DETROIT, Dec. 19 (UPI) -- General Motors Corp. and Ford Motor Co. are scrapping e-business ventures the automakers jumped into during the heady days of the Internet boom.

GM has canceled a $50 million Web site to sell cars and trucks directly to consumers because of a lack of interest by dealers, and Ford is selling its stake in Internet Capital Group Inc. for a fraction of the $50 million it paid in 1999.

The Detroit News on Wednesday said GM dealers don't believe the proposed AutoCentric site, a joint venture between GM and its 7,800 dealers, makes economic sense right now. The venture would have sold cars from other manufacturers and competed with independent auto Web sites that sell all brands.

GM withdrew registration of AutoCentric JV LLC with the Securities and Exchange Commission this week, but will continue to operate its corporate GMBuyPower.com Web site, which sells only GM vehicles.
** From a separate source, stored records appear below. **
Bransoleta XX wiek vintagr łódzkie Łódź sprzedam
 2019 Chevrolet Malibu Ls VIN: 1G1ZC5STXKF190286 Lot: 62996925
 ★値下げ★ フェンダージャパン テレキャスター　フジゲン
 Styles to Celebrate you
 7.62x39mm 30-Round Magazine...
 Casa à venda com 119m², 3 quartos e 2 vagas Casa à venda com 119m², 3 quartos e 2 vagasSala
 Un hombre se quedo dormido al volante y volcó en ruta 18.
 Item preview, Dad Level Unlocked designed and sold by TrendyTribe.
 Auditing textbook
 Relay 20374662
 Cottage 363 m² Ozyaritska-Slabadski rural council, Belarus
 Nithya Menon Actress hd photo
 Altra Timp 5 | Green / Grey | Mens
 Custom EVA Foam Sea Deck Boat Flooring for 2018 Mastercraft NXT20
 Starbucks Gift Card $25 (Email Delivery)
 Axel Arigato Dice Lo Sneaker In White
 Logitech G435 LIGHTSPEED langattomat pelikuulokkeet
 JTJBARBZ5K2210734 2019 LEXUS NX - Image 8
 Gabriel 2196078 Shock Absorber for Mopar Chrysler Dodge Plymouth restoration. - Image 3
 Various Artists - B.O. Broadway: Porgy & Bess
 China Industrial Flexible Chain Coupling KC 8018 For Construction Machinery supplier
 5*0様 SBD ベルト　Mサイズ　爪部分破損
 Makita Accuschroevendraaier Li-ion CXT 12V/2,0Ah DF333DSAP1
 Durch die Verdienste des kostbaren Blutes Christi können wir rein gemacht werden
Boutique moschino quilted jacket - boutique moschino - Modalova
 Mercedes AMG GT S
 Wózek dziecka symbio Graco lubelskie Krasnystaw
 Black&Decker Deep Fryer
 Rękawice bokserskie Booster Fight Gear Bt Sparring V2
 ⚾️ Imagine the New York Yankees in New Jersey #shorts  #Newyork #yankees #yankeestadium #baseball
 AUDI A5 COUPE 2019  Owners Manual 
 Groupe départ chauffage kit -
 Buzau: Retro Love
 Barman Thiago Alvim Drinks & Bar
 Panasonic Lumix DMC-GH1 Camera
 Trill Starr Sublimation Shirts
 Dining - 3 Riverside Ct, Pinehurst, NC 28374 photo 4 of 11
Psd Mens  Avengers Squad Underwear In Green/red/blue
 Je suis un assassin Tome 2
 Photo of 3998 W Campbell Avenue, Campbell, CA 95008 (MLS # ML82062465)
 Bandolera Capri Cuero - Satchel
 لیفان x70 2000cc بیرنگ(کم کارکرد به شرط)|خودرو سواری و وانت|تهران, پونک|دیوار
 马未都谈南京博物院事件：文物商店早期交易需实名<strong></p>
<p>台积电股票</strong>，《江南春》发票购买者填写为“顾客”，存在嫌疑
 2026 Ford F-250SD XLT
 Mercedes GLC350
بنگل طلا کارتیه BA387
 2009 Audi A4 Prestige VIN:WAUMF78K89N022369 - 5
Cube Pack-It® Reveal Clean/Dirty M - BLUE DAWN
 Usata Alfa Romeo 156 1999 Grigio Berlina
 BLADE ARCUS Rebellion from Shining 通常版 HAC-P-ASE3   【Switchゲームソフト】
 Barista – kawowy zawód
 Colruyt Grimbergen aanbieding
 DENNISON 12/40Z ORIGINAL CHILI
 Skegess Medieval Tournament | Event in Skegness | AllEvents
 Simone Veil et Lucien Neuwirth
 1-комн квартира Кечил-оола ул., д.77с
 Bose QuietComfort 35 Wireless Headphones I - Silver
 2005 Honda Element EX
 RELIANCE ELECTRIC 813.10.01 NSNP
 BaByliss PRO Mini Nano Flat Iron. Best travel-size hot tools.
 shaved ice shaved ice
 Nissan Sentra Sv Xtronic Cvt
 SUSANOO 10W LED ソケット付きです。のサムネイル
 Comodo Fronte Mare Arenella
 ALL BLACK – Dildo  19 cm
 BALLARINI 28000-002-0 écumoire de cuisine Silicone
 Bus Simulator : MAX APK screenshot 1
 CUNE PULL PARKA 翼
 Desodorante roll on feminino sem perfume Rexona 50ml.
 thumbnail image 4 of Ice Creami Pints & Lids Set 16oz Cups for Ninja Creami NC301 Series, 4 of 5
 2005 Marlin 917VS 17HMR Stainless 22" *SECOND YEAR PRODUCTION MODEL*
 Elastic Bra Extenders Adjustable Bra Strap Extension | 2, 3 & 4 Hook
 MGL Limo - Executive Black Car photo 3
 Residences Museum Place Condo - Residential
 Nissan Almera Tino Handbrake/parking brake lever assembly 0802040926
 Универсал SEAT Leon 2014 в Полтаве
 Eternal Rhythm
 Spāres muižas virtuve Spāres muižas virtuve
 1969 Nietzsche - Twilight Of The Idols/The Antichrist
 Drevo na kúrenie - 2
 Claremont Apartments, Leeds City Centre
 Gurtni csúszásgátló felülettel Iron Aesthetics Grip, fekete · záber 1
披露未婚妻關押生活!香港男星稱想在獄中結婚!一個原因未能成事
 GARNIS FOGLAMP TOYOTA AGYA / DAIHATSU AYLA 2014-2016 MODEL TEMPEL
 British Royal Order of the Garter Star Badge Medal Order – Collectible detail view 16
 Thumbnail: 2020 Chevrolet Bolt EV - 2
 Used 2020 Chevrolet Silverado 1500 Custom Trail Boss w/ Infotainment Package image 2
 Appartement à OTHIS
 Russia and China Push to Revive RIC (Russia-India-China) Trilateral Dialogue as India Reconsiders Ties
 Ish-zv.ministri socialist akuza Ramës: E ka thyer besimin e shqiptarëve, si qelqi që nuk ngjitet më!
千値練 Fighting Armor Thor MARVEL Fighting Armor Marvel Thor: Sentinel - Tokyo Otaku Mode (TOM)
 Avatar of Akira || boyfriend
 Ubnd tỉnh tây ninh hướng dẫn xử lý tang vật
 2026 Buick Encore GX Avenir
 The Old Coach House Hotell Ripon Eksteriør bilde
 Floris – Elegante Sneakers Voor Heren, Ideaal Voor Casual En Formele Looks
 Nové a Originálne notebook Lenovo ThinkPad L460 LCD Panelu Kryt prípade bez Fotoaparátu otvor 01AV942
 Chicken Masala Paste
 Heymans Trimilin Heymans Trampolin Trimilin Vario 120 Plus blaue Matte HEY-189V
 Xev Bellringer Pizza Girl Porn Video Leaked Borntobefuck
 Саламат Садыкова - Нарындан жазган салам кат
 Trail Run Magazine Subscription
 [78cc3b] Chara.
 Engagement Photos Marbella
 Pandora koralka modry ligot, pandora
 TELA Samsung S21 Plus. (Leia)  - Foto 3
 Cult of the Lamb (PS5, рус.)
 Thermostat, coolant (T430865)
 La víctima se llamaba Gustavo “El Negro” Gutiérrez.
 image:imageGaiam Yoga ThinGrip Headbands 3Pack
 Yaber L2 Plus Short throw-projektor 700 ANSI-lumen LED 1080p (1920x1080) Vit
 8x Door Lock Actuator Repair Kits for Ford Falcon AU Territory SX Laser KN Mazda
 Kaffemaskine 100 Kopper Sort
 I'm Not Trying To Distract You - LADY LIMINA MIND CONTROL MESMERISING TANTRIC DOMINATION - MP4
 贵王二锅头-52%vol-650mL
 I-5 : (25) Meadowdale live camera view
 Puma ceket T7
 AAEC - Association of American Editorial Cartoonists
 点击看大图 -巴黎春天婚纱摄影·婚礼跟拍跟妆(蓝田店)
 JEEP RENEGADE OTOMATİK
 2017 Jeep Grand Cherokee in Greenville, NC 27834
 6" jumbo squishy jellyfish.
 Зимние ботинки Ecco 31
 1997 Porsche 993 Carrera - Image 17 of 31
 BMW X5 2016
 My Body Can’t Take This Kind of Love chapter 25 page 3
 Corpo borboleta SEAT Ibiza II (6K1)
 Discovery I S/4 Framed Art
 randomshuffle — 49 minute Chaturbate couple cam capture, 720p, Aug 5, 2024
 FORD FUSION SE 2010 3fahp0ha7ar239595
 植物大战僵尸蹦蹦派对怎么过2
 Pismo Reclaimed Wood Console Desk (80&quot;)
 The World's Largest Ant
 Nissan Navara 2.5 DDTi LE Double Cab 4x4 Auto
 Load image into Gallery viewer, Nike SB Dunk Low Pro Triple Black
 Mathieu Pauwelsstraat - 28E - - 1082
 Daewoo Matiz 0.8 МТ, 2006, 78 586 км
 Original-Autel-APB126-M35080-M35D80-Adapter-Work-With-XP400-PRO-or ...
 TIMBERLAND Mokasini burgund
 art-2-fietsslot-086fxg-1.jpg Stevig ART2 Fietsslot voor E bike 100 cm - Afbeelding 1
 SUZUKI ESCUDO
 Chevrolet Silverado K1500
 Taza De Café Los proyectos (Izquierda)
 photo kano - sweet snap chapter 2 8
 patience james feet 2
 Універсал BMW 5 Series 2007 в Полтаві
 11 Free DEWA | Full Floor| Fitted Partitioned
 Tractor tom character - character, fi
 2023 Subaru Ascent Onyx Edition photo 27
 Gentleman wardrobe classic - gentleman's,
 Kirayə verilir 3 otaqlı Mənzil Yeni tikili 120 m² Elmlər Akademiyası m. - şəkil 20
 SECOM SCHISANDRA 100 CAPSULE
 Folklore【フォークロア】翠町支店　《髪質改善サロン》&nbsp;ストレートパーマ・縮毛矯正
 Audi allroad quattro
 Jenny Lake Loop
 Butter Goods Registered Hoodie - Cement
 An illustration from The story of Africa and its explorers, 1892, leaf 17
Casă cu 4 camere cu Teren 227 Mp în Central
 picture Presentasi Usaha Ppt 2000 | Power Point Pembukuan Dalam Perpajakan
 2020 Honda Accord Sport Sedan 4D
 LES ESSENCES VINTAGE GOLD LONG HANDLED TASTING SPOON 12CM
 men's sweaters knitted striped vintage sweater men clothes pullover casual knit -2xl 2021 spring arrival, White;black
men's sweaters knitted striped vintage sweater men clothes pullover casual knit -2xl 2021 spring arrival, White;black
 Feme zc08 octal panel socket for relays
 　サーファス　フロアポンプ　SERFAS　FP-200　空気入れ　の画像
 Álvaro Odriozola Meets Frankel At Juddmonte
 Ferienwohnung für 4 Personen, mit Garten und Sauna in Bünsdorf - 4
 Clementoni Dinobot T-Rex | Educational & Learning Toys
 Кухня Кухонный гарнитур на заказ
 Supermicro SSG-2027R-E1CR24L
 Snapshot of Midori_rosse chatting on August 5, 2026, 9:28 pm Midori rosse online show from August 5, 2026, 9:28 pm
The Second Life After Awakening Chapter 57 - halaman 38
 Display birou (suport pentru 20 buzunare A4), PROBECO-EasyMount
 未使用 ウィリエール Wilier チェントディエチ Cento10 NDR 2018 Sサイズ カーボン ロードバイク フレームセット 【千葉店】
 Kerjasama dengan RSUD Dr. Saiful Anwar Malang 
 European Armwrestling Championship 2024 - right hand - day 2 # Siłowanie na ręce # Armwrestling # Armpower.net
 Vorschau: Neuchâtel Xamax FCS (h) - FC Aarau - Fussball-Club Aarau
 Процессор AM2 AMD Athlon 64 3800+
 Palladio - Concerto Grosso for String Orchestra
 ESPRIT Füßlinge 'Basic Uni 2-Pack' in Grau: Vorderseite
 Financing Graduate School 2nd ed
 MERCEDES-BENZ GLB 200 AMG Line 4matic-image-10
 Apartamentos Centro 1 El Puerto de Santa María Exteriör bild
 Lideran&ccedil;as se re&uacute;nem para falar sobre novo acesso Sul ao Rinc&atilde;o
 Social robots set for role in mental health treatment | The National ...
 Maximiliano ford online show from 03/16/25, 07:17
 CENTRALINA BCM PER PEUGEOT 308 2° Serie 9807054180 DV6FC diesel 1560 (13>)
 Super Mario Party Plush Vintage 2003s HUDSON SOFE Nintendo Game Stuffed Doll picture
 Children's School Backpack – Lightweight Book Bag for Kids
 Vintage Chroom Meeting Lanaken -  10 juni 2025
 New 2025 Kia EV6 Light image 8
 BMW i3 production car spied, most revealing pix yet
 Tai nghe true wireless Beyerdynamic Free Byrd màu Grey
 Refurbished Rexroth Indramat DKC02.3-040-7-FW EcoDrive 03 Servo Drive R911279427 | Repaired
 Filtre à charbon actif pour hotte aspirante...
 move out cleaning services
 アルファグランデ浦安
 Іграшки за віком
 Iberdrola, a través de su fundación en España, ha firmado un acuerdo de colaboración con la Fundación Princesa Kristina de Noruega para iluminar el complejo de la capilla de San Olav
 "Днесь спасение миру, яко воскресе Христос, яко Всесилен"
GM's Internet unit, e-GM, launched in August 1999, will be scaled back as the corporation integrates new e-commerce technologies into its traditional business divisions, the News said.

Ford, meanwhile, said earlier this week it would write off most of the $50 million investment it made in Internet Capital Group two years ago. Ford paid $108 a share for stock in the venture in 1999, an investment now worth only about $1.15 a share.